> [RECORDS SHOWN]:
□ □ □ □
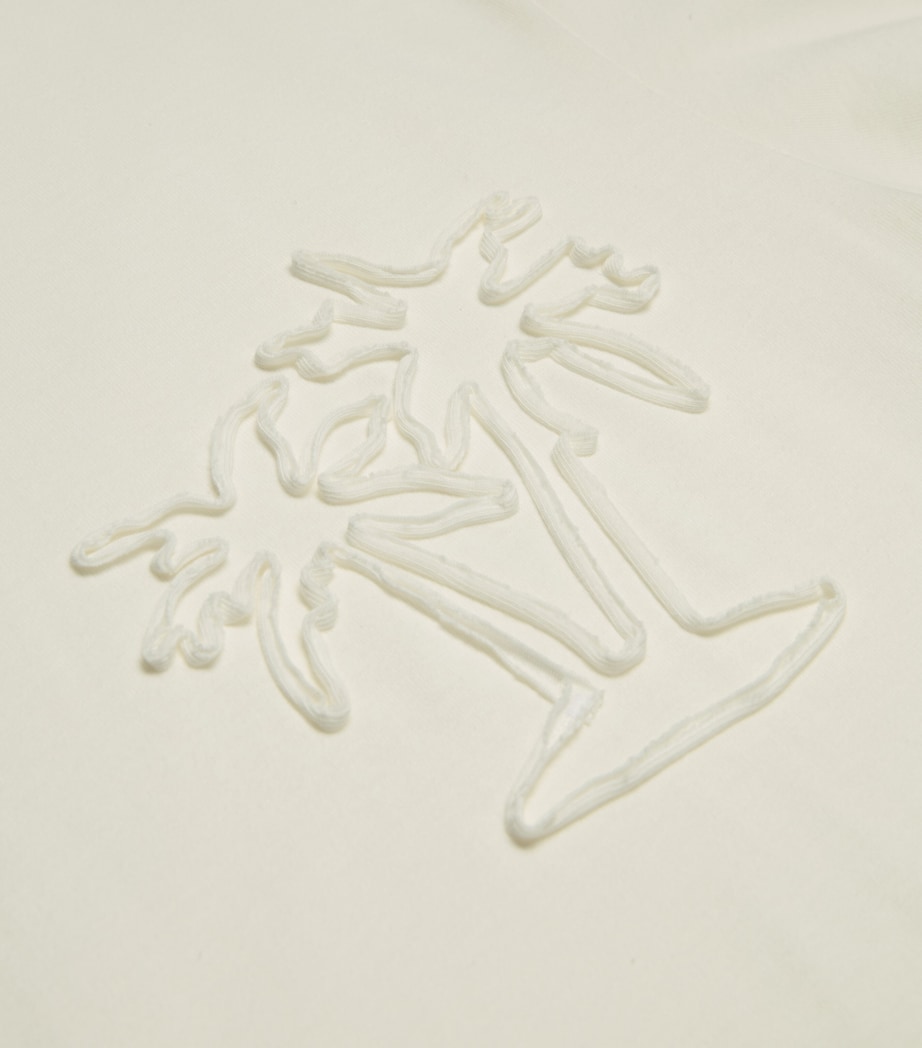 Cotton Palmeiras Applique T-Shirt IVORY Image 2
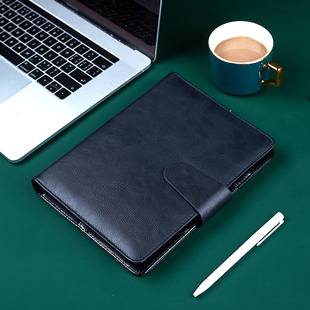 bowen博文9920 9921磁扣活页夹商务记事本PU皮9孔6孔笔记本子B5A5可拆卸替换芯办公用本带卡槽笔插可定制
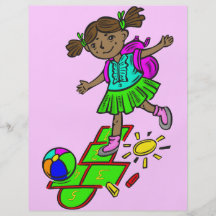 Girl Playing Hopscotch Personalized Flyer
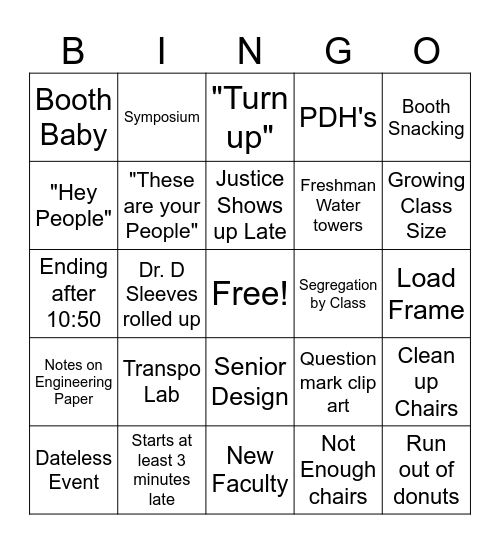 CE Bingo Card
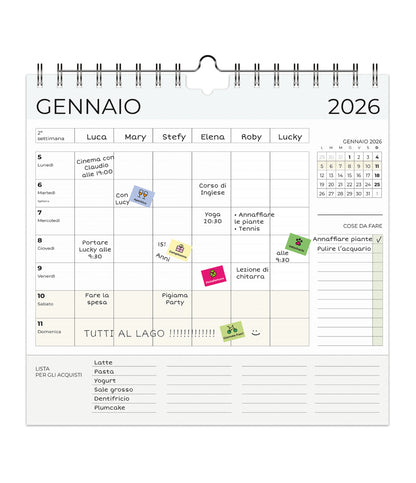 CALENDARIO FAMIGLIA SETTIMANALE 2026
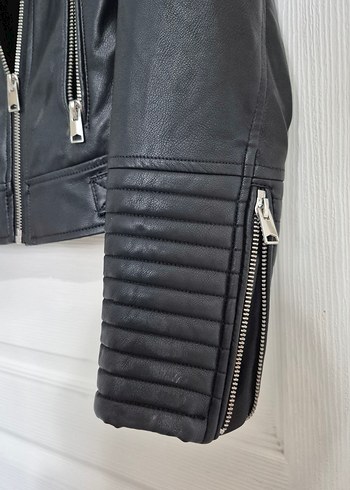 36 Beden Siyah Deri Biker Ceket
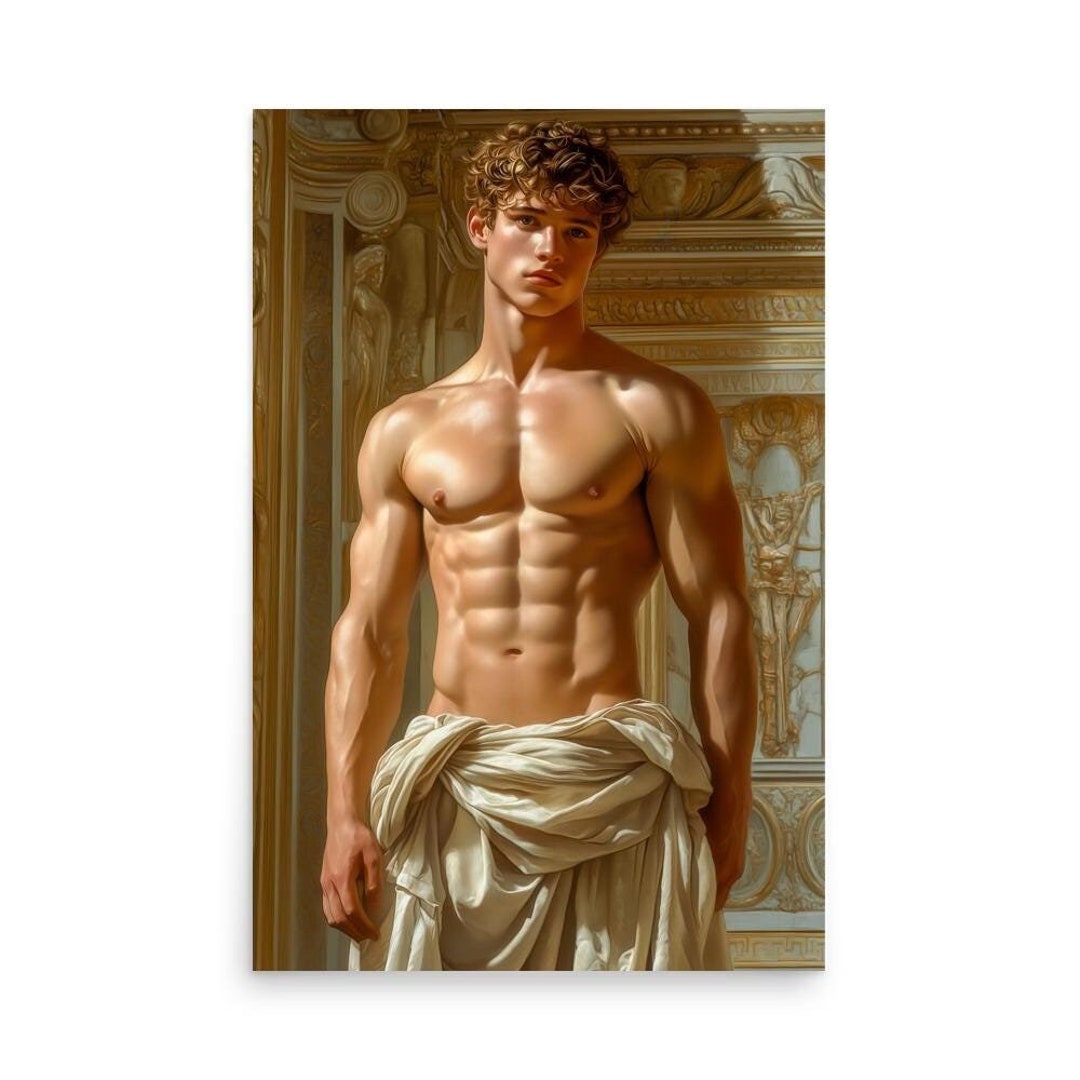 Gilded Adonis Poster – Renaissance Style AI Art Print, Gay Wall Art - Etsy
□ □ □ □
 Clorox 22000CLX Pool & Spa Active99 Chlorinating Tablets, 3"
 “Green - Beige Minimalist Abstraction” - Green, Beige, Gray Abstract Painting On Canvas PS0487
□ □ □ □
> [WHAT THE TASK ASKS]: Go through the listing above and write out exactly the lines starting with the one holding "Clorox 22000CLX Pool" and running through the one holding "On Canvas PS0487", ends included, and no others.

> [SOLUTION TO THE PROBLEM]:
 Clorox 22000CLX Pool & Spa Active99 Chlorinating Tablets, 3"
 “Green - Beige Minimalist Abstraction” - Green, Beige, Gray Abstract Painting On Canvas PS0487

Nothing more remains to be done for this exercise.